Two cleanly separated jobs:

Job Mechanism Cost
Trigger a new window the official CLI (interactive Claude Code / codex exec), or a minimal API call (GLM) a tiny slice of quota (this is the point)
Read usage & reset times zero-quota usage endpoints (the same ones CodexBar / community plugins use) none — never starts a window

When watch sees a 5h window has reset, it first checks for an already-running Claude/Codex CLI task. If one is running, limitping waits and re-reads usage instead of sending its own ping, because that task's next model request will start the new window naturally.

  • Claude: reads GET https://api.anthropic.com/api/oauth/usage using the OAuth token from the macOS Keychain (Claude Code-credentials) or ~/.claude/.credentials.json. Triggering uses a TTY-backed interactive claude "<prompt>" session, so it continues to start the Claude subscription-backed window after the headless print command moves to Agent SDK/API credits.
  • Codex: reads GET https://chatgpt.com/backend-api/wham/usage using the OAuth token from ~/.codex/auth.json.
  • GLM: reads GET …/api/monitor/usage/quota/limit (on api.z.ai or open.bigmodel.cn) using your Coding Plan API key. GLM has no standalone CLI, so the trigger is a direct minimal chat completion to …/api/coding/paas/v4/chat/completions rather than a shell-out.

Claude/Codex tokens are reused from the official tools (no separate login) and refreshed on 401. GLM uses a static API key (from config or env) — see below.

Install

limitping ships as a single self-contained binary — no Go required.

One-line script (macOS / Linux):

curl -fsSL https://raw.githubusercontent.com/wavever/CCLimitPing/main/install.sh | sh

Downloads the right prebuilt binary from the latest release into /usr/local/bin (or ~/.local/bin). Override with LIMITPING_INSTALL_DIR.

Upgrade — replace the installed binary with the latest release:

limitping upgrade

Aliases: limitping up, limitping update.

Uninstall — remove the installed binary plus config/cache:

limitping uninstall

Aliases: limitping rm, limitping remove.

Use limitping uninstall --keep-config to preserve ~/.config/limitping (or $XDG_CONFIG_HOME/limitping).

Manual download — grab the archive for your platform from the Releases page (.tar.gz for macOS/Linux, .zip for Windows):

tar -xzf limitping_darwin_arm64.tar.gz
sudo mv limitping /usr/local/bin/

Homebrew (macOS / Linux) — brew install wavever/tap/limitping (works once the Homebrew tap is set up — see .goreleaser.yaml).

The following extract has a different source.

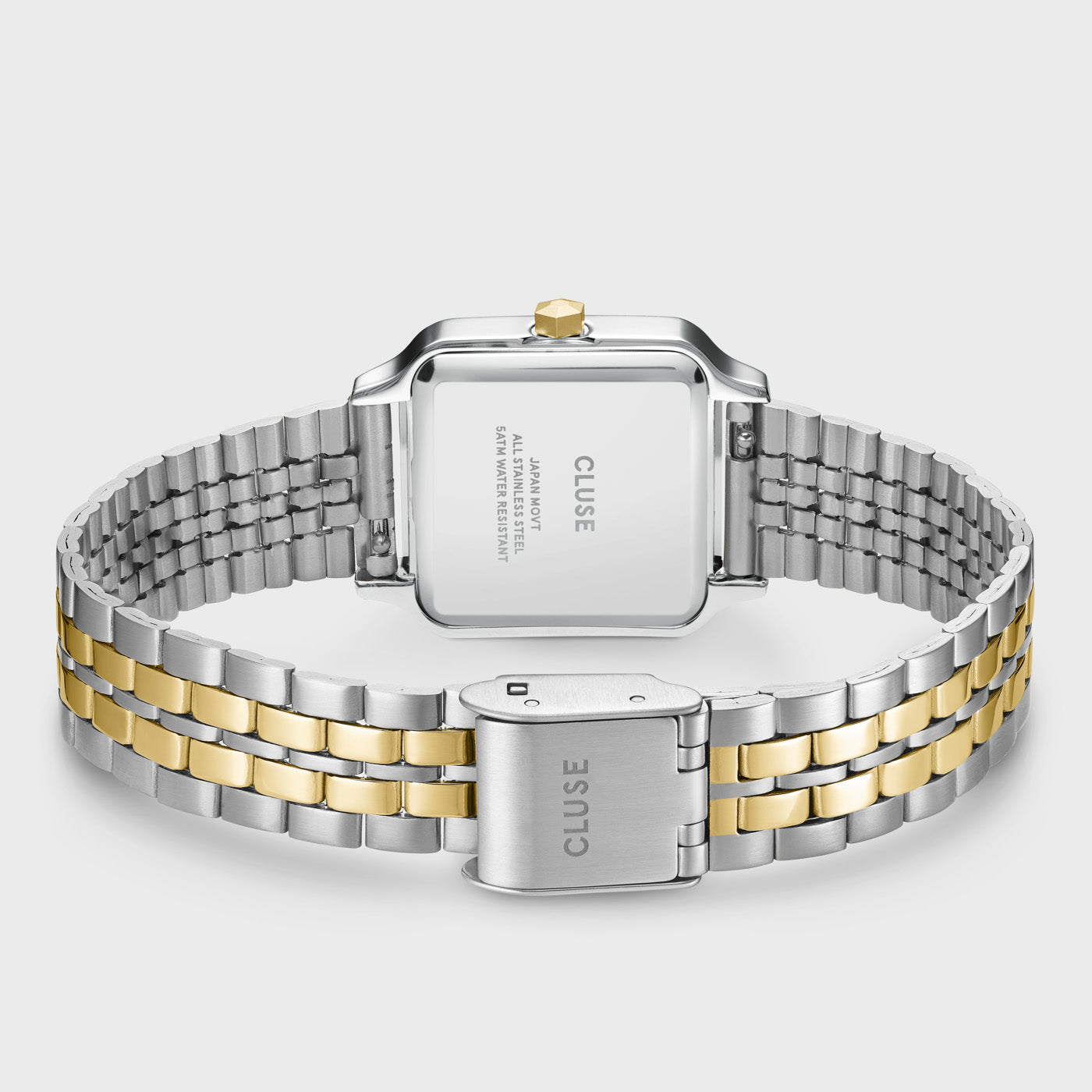 Gracieuse Petite Montre en Acier, Bicolore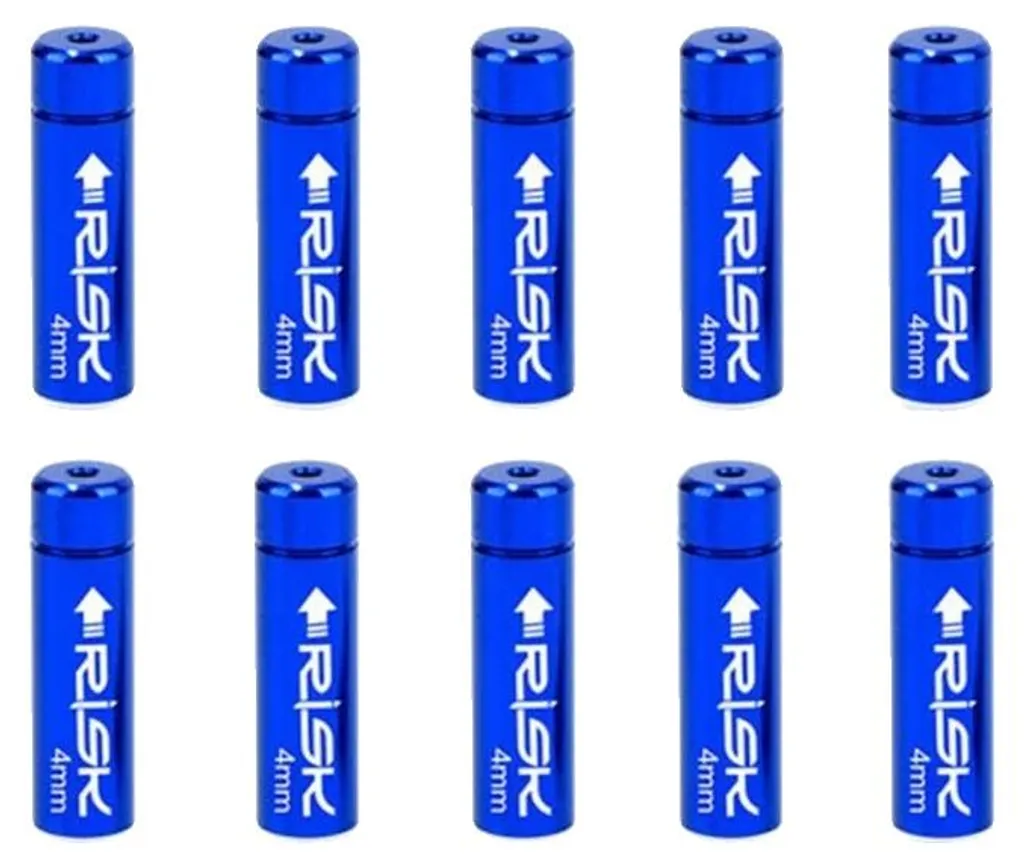 Embout de câble de frein durable aluminium bleu 4 mm facile à installer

From source (developers, needs Go 1.25+):

go install github.com/wavever/CCLimitPing/cmd/limitping@latest
# or, from a clone:
go build -o bin/limitping ./cmd/limitping

Each provider you enable needs its own credentials: the claude / codex CLIs logged in (Claude / Codex), or a Coding Plan API key (GLM).

Usage

limitping config init          # write ~/.config/limitping/config.toml
limitping status               # show 5h/weekly % + reset countdowns (alias: s)
limitping status -v            # also print raw JSON
limitping ping                 # trigger all enabled providers now (alias: p)
limitping ping claude          # Claude only
limitping ping codex           # Codex only
limitping ping glm             # GLM only
limitping ping --dry-run       # show the commands without sending
limitping watch                # foreground daemon: ping each window at reset (alias: w)
limitping watch claude         # watch only one provider (claude|codex|glm)
limitping watch --dry-run      # log when pings would fire, without sending
limitping version              # print the version (aliases: v, ver)
limitping upgrade              # update to the latest GitHub release (aliases: up, update)
limitping uninstall            # remove limitping plus config/cache (aliases: rm, remove)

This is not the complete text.